**Problem description**
For this exercise, write out the full listing that follows exactly and skip its pictures.

**Dataset extract**
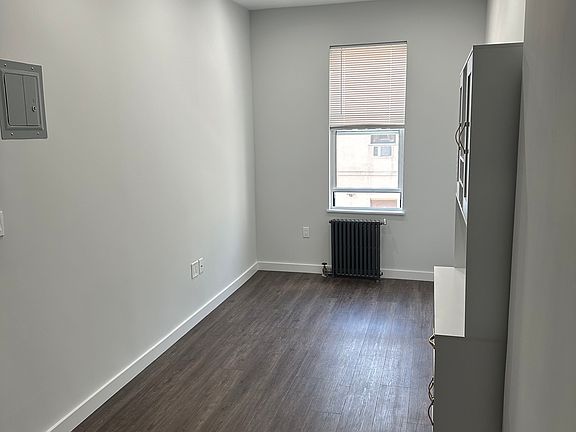 4th image of 35-04 21st Ave #2R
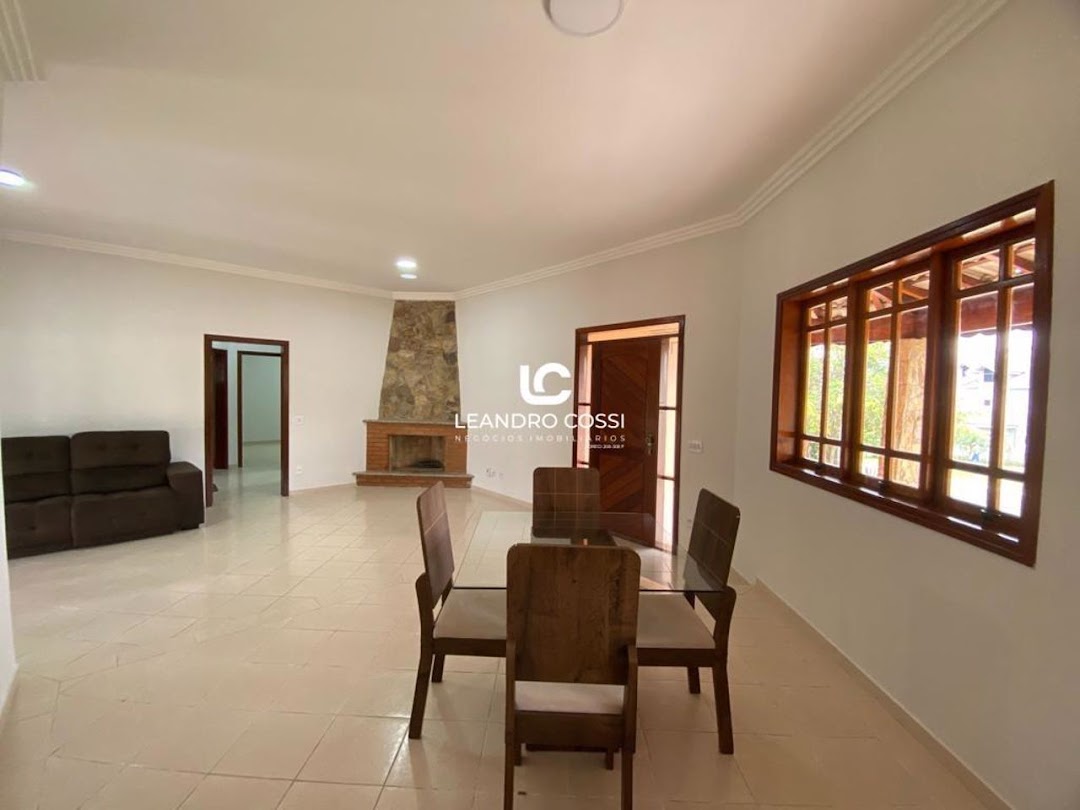 Casa de condomínio à venda no Condomínio Parque Village Castelo:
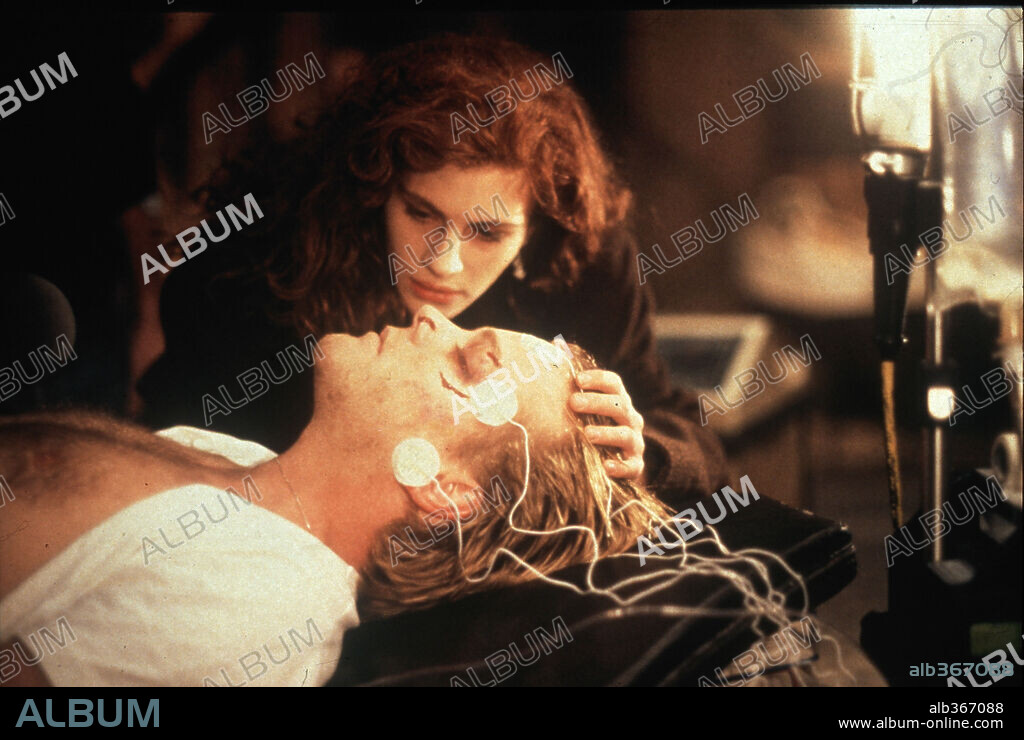 JULIA ROBERTS y KIEFER SUTHERLAND en LÍNEA MORTAL, 1990 (FLATLINERS), dirigida por JOEL SCHUMACHER. Copyright COLUMBIA PICTURES.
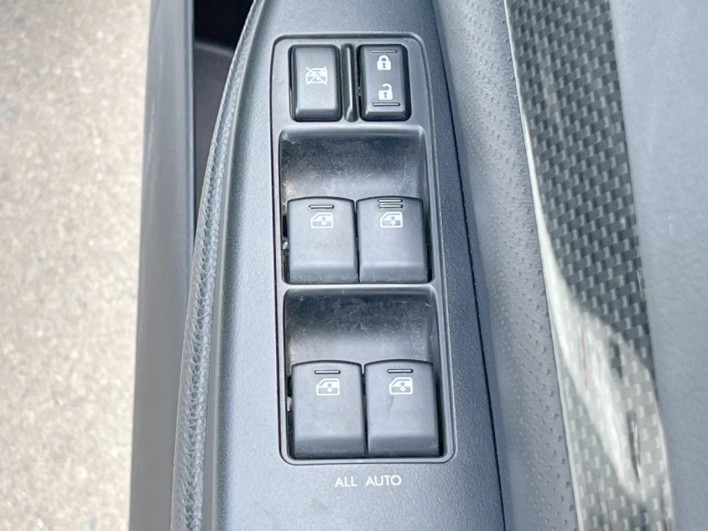 2012 Subaru Legacy Touring Wagon DBA-BRG (UW-69f2a428bd1c7)[21]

**Task result**
 4th image of 35-04 21st Ave #2R
 Casa de condomínio à venda no Condomínio Parque Village Castelo:
 JULIA ROBERTS y KIEFER SUTHERLAND en LÍNEA MORTAL, 1990 (FLATLINERS), dirigida por JOEL SCHUMACHER. Copyright COLUMBIA PICTURES.
 2012 Subaru Legacy Touring Wagon DBA-BRG (UW-69f2a428bd1c7)[21]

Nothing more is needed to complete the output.